* [RECORDED DATA]:
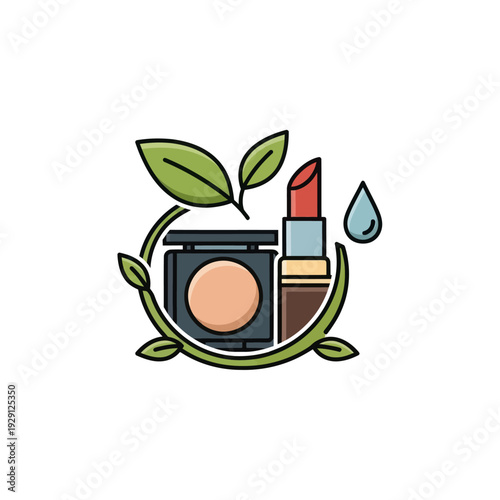 Natural beauty products with leaves and water drop icon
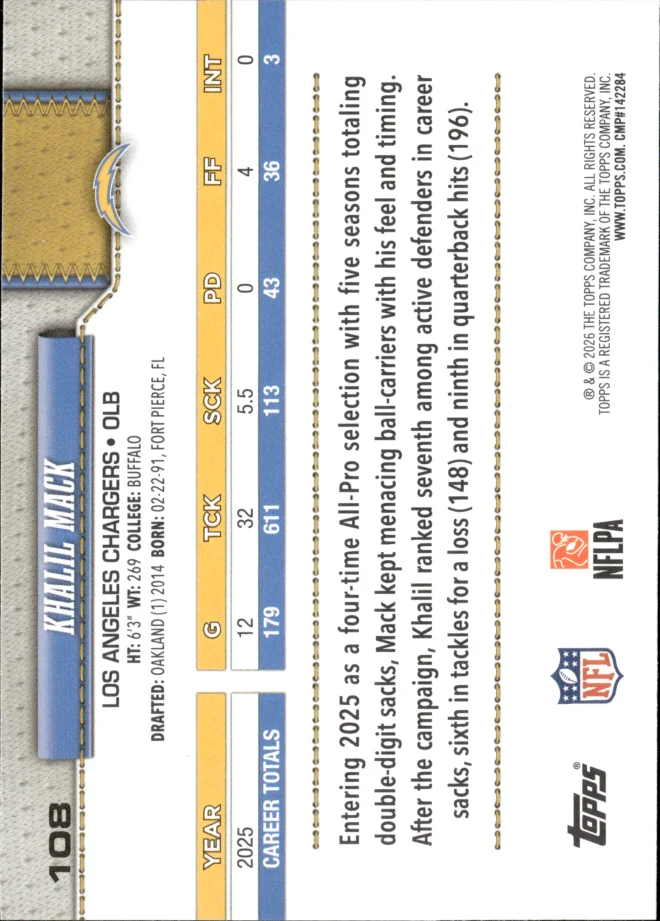 Khalil Mack card back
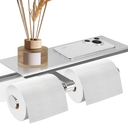 Double Toilet Paper Holder, Stainless Steel Tissue Paper Holder with Shelf Anti -Rust Toilet Paper Dispenser Wall Mounted for Bathroom (Silver New)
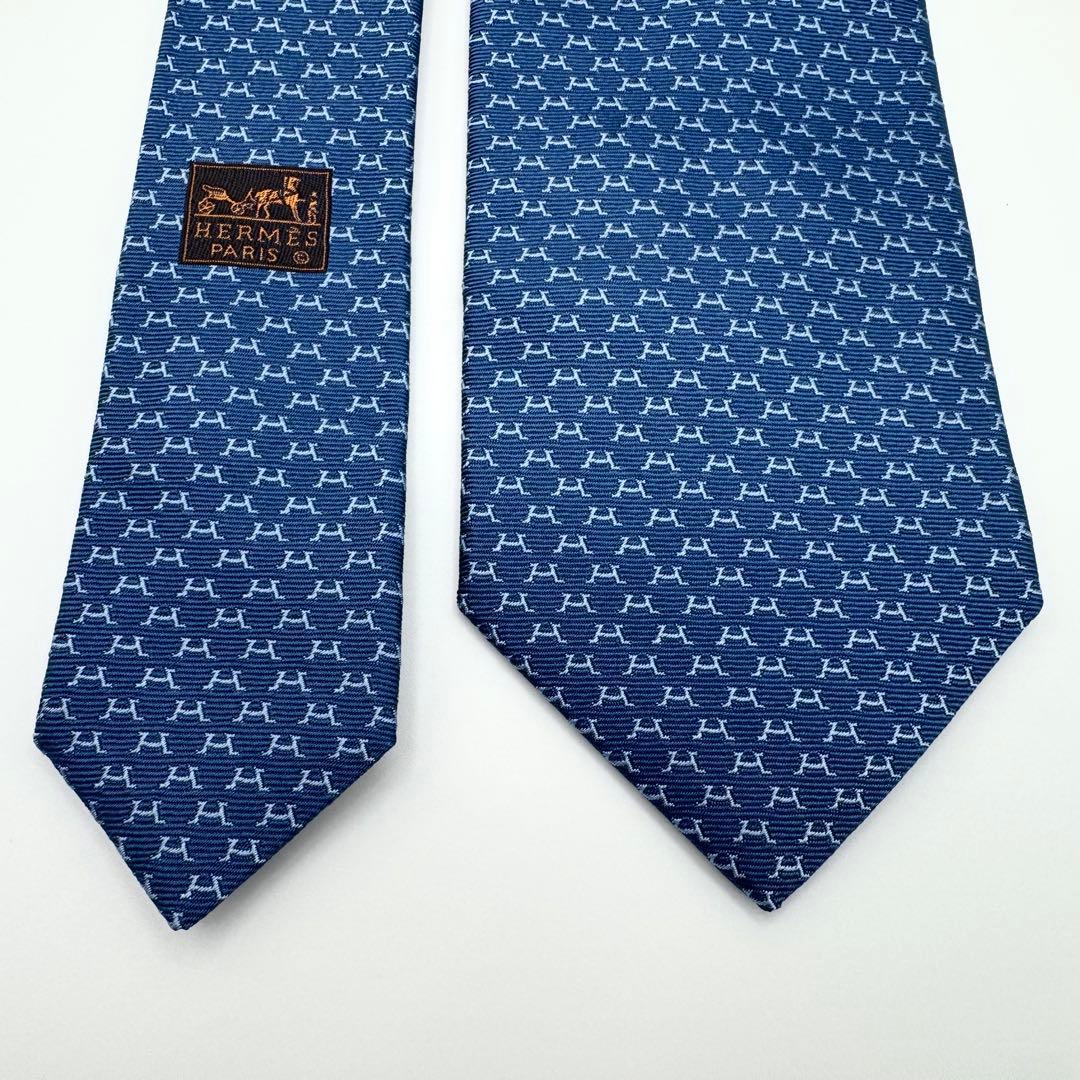 未使用◎エルメス　ネクタイ　シルクツイルタイ　Hパターン　総柄ジャガード　タグ付
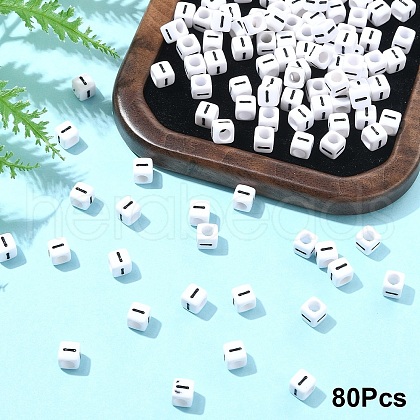 Acrylic Horizontal Hole Letter Beads OACR-YW0002-08I-1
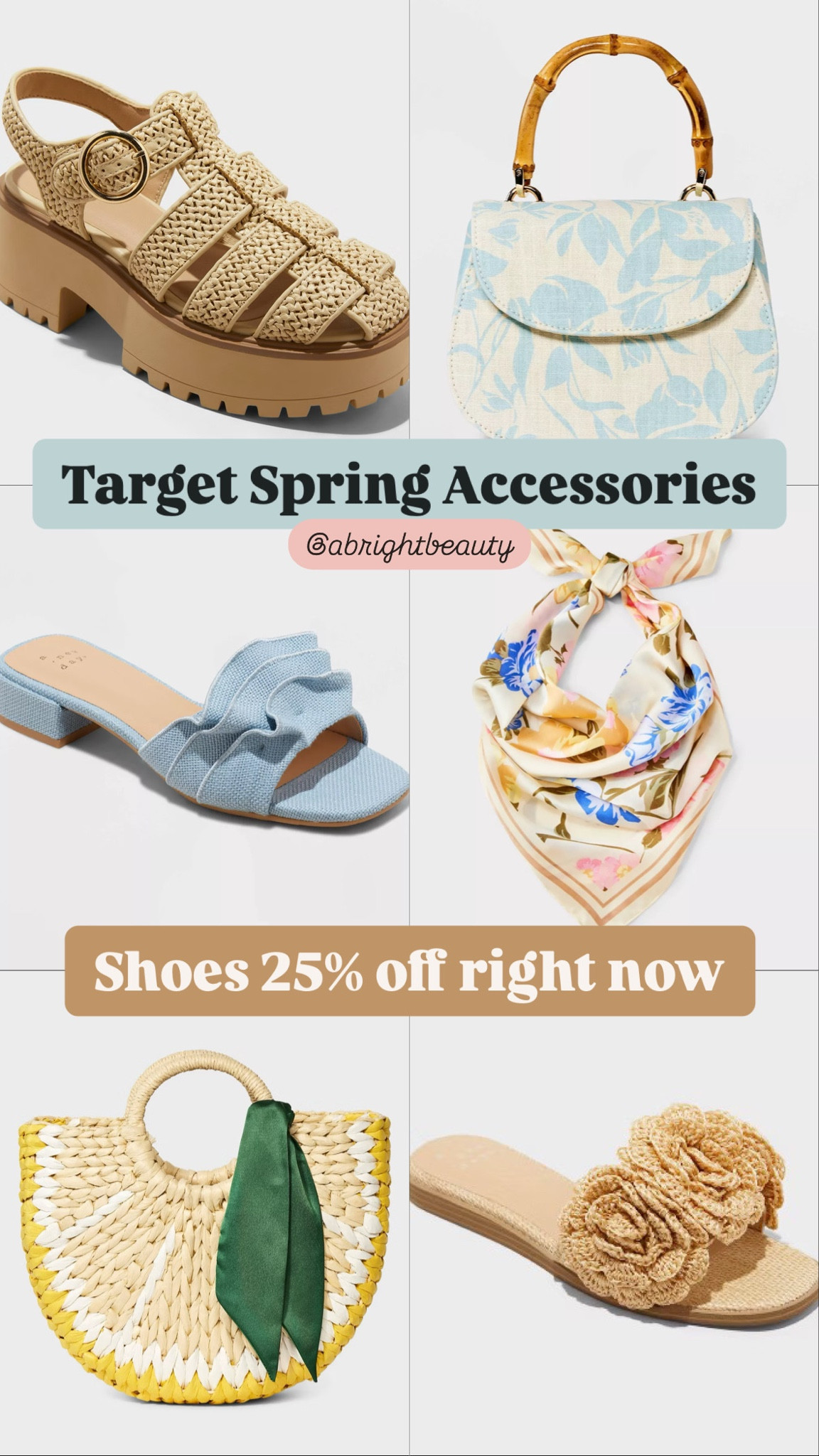 SALE ALERT - 25% off Target spring shoes right now! Also snagged some adorable bags 🎀 the cutest little crochet flower flat, ruffle flats and fisherman’s sandals! Also loved these floral earrings and the prettiest spring scarf 💛

Shoes fit TTS! I ordered my usual size.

* [WORK TASK]: Retype the whole listing exactly and leave the pictures out.

* [ANSWER BOX]:
 Natural beauty products with leaves and water drop icon
 Khalil Mack card back
 Double Toilet Paper Holder, Stainless Steel Tissue Paper Holder with Shelf Anti -Rust Toilet Paper Dispenser Wall Mounted for Bathroom (Silver New)
 未使用◎エルメス　ネクタイ　シルクツイルタイ　Hパターン　総柄ジャガード　タグ付
 Acrylic Horizontal Hole Letter Beads OACR-YW0002-08I-1
 SALE ALERT - 25% off Target spring shoes right now! Also snagged some adorable bags 🎀 the cutest little crochet flower flat, ruffle flats and fisherman’s sandals! Also loved these floral earrings and the prettiest spring scarf 💛

Shoes fit TTS! I ordered my usual size.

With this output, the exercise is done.